++++ DATA FOR THIS EXERCISE ++++
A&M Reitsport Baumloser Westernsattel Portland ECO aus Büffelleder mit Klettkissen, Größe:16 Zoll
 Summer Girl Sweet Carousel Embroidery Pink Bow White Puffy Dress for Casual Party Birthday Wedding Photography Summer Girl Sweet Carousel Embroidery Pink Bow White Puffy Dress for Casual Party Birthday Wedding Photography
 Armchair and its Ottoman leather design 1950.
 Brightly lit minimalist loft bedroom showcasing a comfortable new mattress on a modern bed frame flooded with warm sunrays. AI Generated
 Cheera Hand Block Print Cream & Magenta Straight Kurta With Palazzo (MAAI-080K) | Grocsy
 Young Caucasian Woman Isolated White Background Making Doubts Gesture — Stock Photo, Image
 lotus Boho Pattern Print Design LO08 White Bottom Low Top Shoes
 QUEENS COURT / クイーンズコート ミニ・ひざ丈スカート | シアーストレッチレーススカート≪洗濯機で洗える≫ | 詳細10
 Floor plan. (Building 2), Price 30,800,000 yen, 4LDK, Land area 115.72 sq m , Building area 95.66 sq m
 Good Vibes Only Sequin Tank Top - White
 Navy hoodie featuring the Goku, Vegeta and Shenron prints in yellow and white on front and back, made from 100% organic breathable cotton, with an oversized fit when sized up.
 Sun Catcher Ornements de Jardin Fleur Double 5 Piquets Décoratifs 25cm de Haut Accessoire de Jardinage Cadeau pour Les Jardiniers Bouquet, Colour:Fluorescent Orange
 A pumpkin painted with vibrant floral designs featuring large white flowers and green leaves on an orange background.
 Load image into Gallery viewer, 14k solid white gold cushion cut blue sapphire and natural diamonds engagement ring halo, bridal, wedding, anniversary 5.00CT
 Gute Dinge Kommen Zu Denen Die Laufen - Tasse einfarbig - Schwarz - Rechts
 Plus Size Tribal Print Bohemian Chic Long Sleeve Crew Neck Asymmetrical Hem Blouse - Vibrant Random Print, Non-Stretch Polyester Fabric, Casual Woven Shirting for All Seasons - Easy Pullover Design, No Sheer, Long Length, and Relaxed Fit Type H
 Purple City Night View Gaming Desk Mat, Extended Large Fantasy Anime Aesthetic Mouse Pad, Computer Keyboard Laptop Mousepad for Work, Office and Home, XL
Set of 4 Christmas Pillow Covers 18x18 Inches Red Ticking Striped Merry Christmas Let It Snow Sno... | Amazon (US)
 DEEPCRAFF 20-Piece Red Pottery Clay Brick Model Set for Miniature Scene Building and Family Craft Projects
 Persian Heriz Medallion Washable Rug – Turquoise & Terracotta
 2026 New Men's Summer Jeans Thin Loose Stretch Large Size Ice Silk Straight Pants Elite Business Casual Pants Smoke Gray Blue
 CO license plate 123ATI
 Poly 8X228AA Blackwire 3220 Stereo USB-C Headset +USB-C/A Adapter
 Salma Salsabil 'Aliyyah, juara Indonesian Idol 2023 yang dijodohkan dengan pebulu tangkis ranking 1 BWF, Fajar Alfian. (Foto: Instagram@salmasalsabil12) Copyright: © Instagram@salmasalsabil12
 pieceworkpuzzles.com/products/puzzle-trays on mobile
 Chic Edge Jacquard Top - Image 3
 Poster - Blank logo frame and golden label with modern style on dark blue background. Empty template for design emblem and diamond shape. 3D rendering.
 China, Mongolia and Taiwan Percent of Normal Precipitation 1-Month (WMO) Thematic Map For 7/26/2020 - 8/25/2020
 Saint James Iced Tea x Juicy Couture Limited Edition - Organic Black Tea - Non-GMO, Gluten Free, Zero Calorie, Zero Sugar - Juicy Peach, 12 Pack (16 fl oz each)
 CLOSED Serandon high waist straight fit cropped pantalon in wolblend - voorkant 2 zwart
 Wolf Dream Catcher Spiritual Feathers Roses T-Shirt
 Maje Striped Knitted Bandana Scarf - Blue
++++
### WORK TO BE COMPLETED
Beginning at the line above that contains "2026 New Men's", return each line exactly through the line that contains "Poster - Blank", and no others.

### SOLUTION TO THE EXERCISE
 2026 New Men's Summer Jeans Thin Loose Stretch Large Size Ice Silk Straight Pants Elite Business Casual Pants Smoke Gray Blue
 CO license plate 123ATI
 Poly 8X228AA Blackwire 3220 Stereo USB-C Headset +USB-C/A Adapter
 Salma Salsabil 'Aliyyah, juara Indonesian Idol 2023 yang dijodohkan dengan pebulu tangkis ranking 1 BWF, Fajar Alfian. (Foto: Instagram@salmasalsabil12) Copyright: © Instagram@salmasalsabil12
 pieceworkpuzzles.com/products/puzzle-trays on mobile
 Chic Edge Jacquard Top - Image 3
 Poster - Blank logo frame and golden label with modern style on dark blue background. Empty template for design emblem and diamond shape. 3D rendering.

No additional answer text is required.